今日わたしたちはこの和解の福音を聞き、自分の罪を認め、その和解を感謝して受け取るのです。

●律法の中心は愛

今日最後に覚えたいことは、神の和解をいただいたわたしたちは罪の誘惑に負けてそれを失ってはならないということです。イエス様は続く二七節以下でこう教えておられます。

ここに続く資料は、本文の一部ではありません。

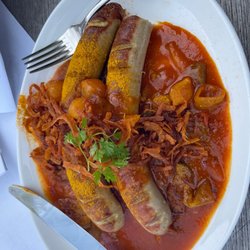 Restaurant Puricelli - Unsere currywurst spezial (veal sausage)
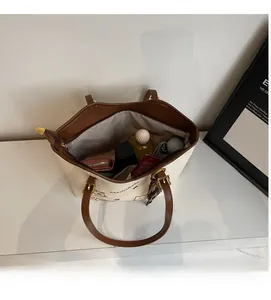 Interior view of canvas tote bag with zipper closure showing daily essentials storage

「もし、右の目があなたをつまずかせるなら、えぐり出して捨ててしまいなさい。体の一部がなくなっても、全身が地獄に投げ込まれない方がましである。もし、右の手があなたをつまずかせるなら、切り取って捨ててしまいなさい。体の一部がなくなっても、全身が地獄に落ちない方がましである。」

ある時、リビングバイブルの英語版を読んだとき、「誘惑」という言葉を「ルアー」という言葉で表現している箇所がありました。「ルアー」という言葉は、「誘惑」とか「おびき寄せる」という意味の言葉ですが、釣りに使う擬似餌のことでもあります。魚にとっては、おいしい餌に見えるものに釣り針がついていて、魚がそれを飲み込むと、もうその釣り針から逃れることはできません。罪の誘惑も同じように、わたしたちにとって好ましいものに見えても、わたしたちをキリストから引き離し、悪魔のもとにとらえてしまう恐ろしい罠になります。ですからイエス様は「たとえあなたにとって右目のように、また右手のように大事に思えても、それがあなたに罪を犯させ、あなたを神からから引き離すなら、それを切り捨ててしまいなさい」と教えているのです。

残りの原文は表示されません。